Rochdale, Lancashire,

The Co-operative Movement had its origins in Great Britain early in the 19th century. It was inspired by social-economic reformers such as Robert Owen. Early cooperative attempts were not successful, however, because they frequently also involved experiments in communal living--idealistic communities set apart from society. 

Societies that were composed of independent owner-producers had a more lasting success. The first and best known was the Rochdale Society of Equitable Pioneers. It developed and set forth the principles that distinguish cooperatives from ordinary business corporations.

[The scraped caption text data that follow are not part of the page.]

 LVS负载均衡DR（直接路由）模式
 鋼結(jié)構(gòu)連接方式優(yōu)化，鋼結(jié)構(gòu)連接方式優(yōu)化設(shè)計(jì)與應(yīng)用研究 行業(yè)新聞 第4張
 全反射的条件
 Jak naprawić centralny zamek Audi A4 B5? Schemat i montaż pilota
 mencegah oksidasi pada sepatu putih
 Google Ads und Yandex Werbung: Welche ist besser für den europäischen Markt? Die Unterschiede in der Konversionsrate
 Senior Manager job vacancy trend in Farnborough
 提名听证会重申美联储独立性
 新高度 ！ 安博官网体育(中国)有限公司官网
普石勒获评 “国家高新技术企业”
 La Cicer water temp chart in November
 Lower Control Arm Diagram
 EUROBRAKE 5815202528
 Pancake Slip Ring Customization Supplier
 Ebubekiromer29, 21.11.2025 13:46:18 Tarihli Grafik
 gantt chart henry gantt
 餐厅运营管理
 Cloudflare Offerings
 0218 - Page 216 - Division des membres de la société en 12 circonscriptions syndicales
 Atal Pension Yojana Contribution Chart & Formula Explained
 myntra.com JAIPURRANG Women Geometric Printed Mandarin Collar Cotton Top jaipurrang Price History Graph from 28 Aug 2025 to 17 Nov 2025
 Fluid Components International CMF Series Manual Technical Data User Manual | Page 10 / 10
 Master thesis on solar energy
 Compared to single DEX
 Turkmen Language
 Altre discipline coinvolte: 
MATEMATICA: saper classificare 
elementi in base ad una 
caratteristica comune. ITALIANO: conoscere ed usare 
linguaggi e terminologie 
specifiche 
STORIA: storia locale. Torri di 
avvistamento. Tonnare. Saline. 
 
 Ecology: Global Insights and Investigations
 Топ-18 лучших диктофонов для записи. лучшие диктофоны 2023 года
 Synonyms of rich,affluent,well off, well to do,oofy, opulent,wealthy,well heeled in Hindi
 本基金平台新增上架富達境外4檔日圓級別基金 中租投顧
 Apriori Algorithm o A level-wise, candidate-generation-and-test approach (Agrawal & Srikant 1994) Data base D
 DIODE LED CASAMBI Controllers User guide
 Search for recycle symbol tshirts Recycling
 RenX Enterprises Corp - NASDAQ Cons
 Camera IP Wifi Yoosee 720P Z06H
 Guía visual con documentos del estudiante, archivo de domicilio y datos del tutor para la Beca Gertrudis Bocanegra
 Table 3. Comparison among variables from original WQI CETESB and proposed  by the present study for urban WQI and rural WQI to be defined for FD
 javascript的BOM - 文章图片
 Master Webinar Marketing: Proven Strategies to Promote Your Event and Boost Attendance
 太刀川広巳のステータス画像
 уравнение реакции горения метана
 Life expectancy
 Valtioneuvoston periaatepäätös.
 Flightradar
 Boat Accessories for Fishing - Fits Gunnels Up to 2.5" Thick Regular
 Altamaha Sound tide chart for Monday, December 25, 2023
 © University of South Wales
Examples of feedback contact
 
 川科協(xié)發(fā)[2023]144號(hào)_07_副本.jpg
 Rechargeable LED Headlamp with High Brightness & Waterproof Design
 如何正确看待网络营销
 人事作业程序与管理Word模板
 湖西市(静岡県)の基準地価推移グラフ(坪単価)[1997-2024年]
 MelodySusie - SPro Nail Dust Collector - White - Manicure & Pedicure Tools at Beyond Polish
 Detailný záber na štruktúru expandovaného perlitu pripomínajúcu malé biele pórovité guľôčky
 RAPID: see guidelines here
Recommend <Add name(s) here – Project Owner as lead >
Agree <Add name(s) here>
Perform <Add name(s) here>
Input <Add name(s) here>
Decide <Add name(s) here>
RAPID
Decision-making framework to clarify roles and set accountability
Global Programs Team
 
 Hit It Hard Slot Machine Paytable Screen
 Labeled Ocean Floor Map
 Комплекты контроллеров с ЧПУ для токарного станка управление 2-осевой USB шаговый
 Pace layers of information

A group of weavers in Rochdale, near Manchester, decided to set up their own grocery store so they could share the profits. They formed the Rochdale Society, and each member contributed an equal amount of money from savings. In 1844 they opened their store on Toad Lane, stocked with small supplies of butter, sugar, flour, oatmeal, and candles. The principles under which the store was operated have served as a guide for Co-operatives ever since. The more significant Rochdale principles are:

(1) Each member has only one vote, regardless of how many shares they hold.
(2) Anyone may join regardless of his race or religion.
(3) Goods and services are sold at market prices. After business expenses have been paid, the profits are returned to the members in proportion to their purchases, not their share holdings.
(4) The interest on capital invested in shares is limited.
(5) Shops sell only for cash to avoid credit risks.

Most Co-operatives carry on education programs for their members. At Rochdale a fine library with a newsroom was acquired, classes were held, and lectures given. The society was the principal educational body in the town for many years and was something of a pioneer in adult education.

At Rochdale activities were not confined to the development of the society alone. In the first 25 years it assisted or took part in other Co-operative enterprises: a Co-operative flour mill, a sick and burial society, a building society, and a cotton manufacturing society. It also played a leading role in establishing the Co-operative Wholesale Society and the Co-operative Insurance Company.